- What the task requires
Output the entries that follow character for character. Leave every image out.

Saved entries
════════════════════

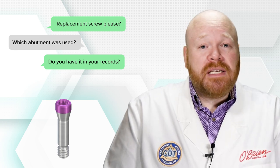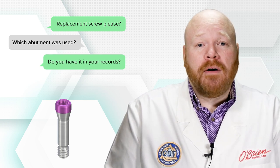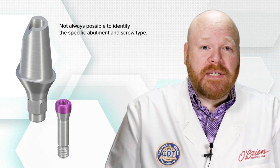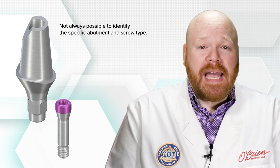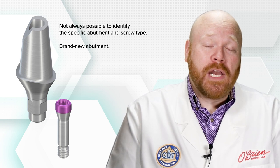The other option is to try to have your current lab identify the abutment and screw for you. This usually involves removing the abutment and sending both it and the screw to the lab for evaluation. If it's not possible to identify the specific abutment and screw type, you'll most likely have to start over with a brand new abutment.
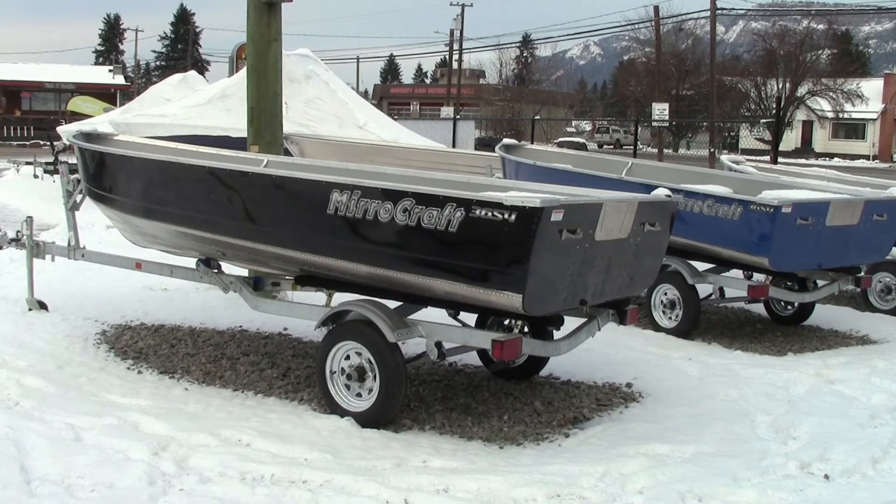Happy Friday. Welcome back CQR fans. We're at Kiwi Power Sports Marine in Enderby, BC, Canada. And I wanted to check out this Miracraft 3654 today — a nice 14-foot aluminum. Let's check out some specs, shall we?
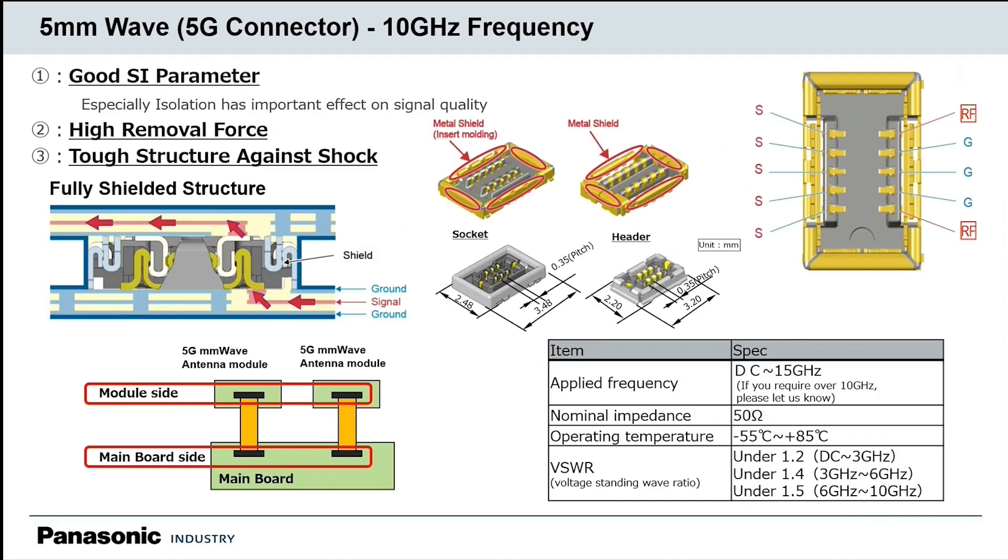Bringing attention back to the 5mm wave 5G connector — this has really good signal integrity parameters through the use of metal shield insert molding in the connector, which helps isolate the high-speed frequency signals. If you require high-speed 5G communication within your robot, we have this feature. It also offers five additional standard signal pins, has extremely high removal force, is very tough against shock and vibration, and we believe this to be the smallest 5G connector in the market with the best signal integrity parameters.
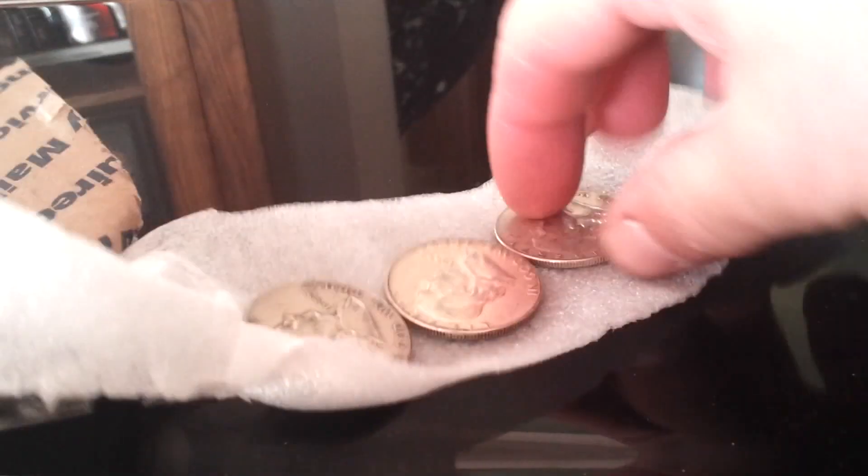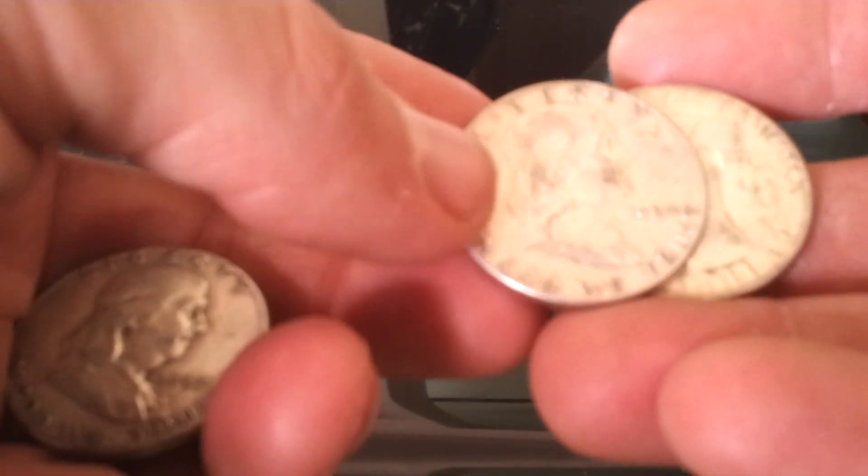I'm going to do a quick unboxing here, a few small things we got in. We have three Kennedy halves I picked up for about 23 bucks or something like that. It's just junk to add to another roll, but that's nice.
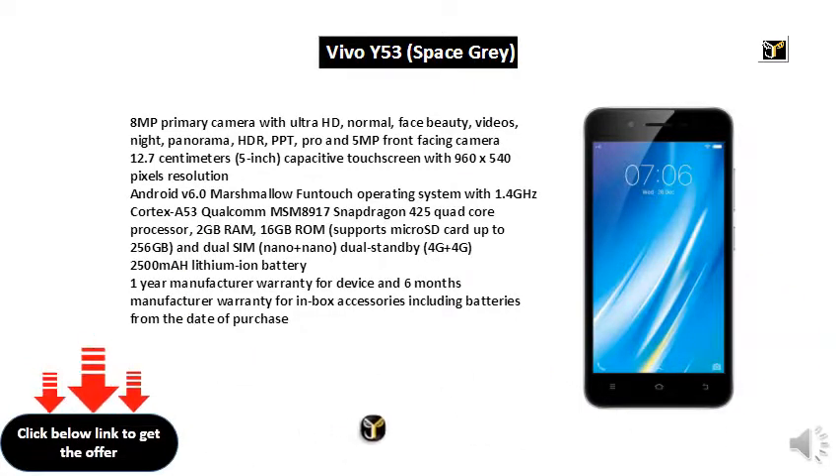7cm 5-inch Capacitive Touch Screen with 960x540 Pixels Resolution, Android V6.0 Marshmallow Fun Touch Operating System with 1.4GHz Cortex A53, Qualcomm MSM8917 Snapdragon 425 Quad-Core Processor.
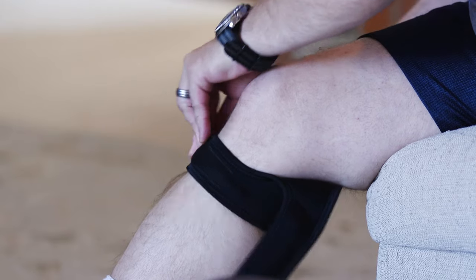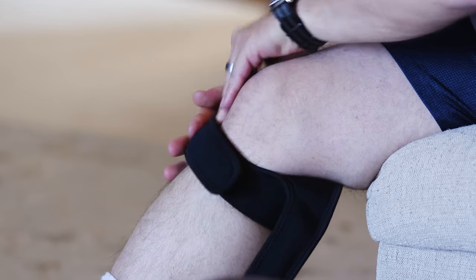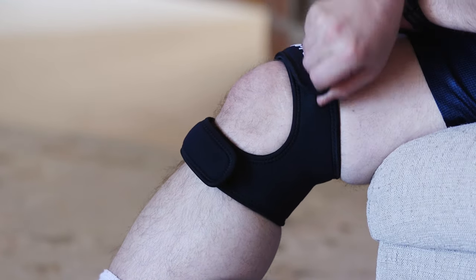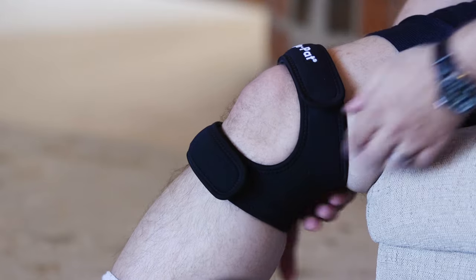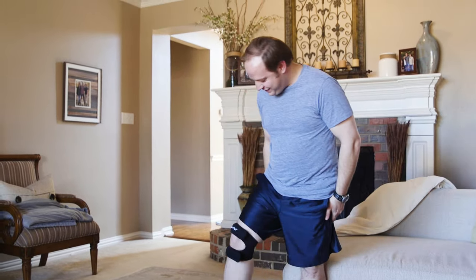The Dual Action Knee Strap applies pressure on the patellar tendon below the kneecap to stabilize and tighten the kneecap mechanism, which improves patellar tracking. The strap also applies pressure on the tendon above the kneecap, reducing the pressure being forced on the knees by the quadriceps.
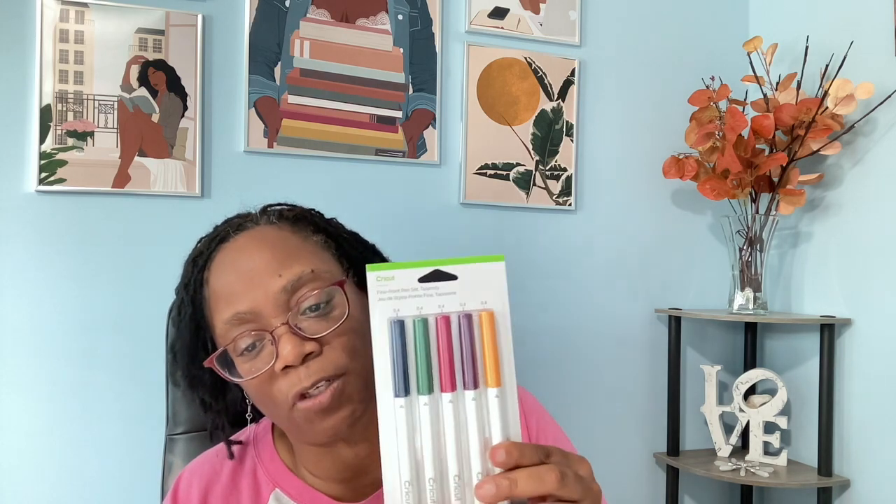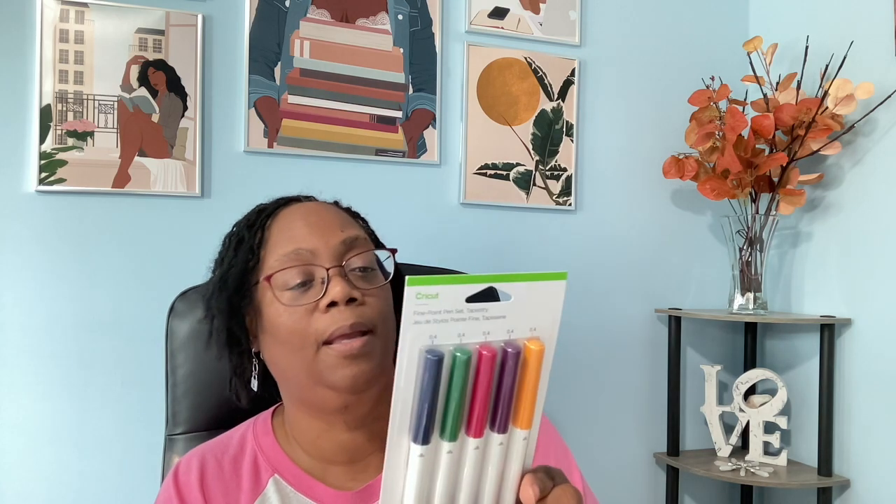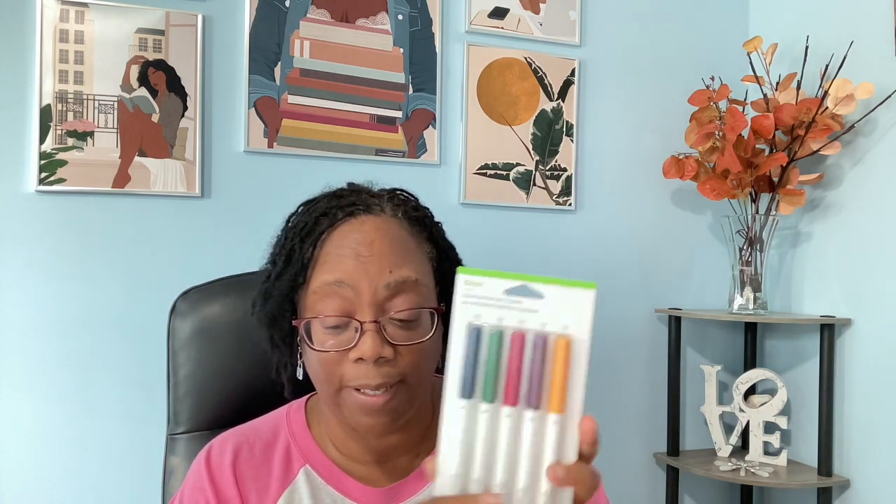Then we have some fine point pens — this is the tapestry colors, and they're all 0.4, so they're the fine point. These actually look like fall colors. They're pretty cute. I can see using these for cards in the wintertime.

════════════════════

- Result for this task
The other option is to try to have your current lab identify the abutment and screw for you. This usually involves removing the abutment and sending both it and the screw to the lab for evaluation. If it's not possible to identify the specific abutment and screw type, you'll most likely have to start over with a brand new abutment.
Happy Friday. Welcome back CQR fans. We're at Kiwi Power Sports Marine in Enderby, BC, Canada. And I wanted to check out this Miracraft 3654 today — a nice 14-foot aluminum. Let's check out some specs, shall we?
Bringing attention back to the 5mm wave 5G connector — this has really good signal integrity parameters through the use of metal shield insert molding in the connector, which helps isolate the high-speed frequency signals. If you require high-speed 5G communication within your robot, we have this feature. It also offers five additional standard signal pins, has extremely high removal force, is very tough against shock and vibration, and we believe this to be the smallest 5G connector in the market with the best signal integrity parameters.
I'm going to do a quick unboxing here, a few small things we got in. We have three Kennedy halves I picked up for about 23 bucks or something like that. It's just junk to add to another roll, but that's nice.
7cm 5-inch Capacitive Touch Screen with 960x540 Pixels Resolution, Android V6.0 Marshmallow Fun Touch Operating System with 1.4GHz Cortex A53, Qualcomm MSM8917 Snapdragon 425 Quad-Core Processor.
The Dual Action Knee Strap applies pressure on the patellar tendon below the kneecap to stabilize and tighten the kneecap mechanism, which improves patellar tracking. The strap also applies pressure on the tendon above the kneecap, reducing the pressure being forced on the knees by the quadriceps.
Then we have some fine point pens — this is the tapestry colors, and they're all 0.4, so they're the fine point. These actually look like fall colors. They're pretty cute. I can see using these for cards in the wintertime.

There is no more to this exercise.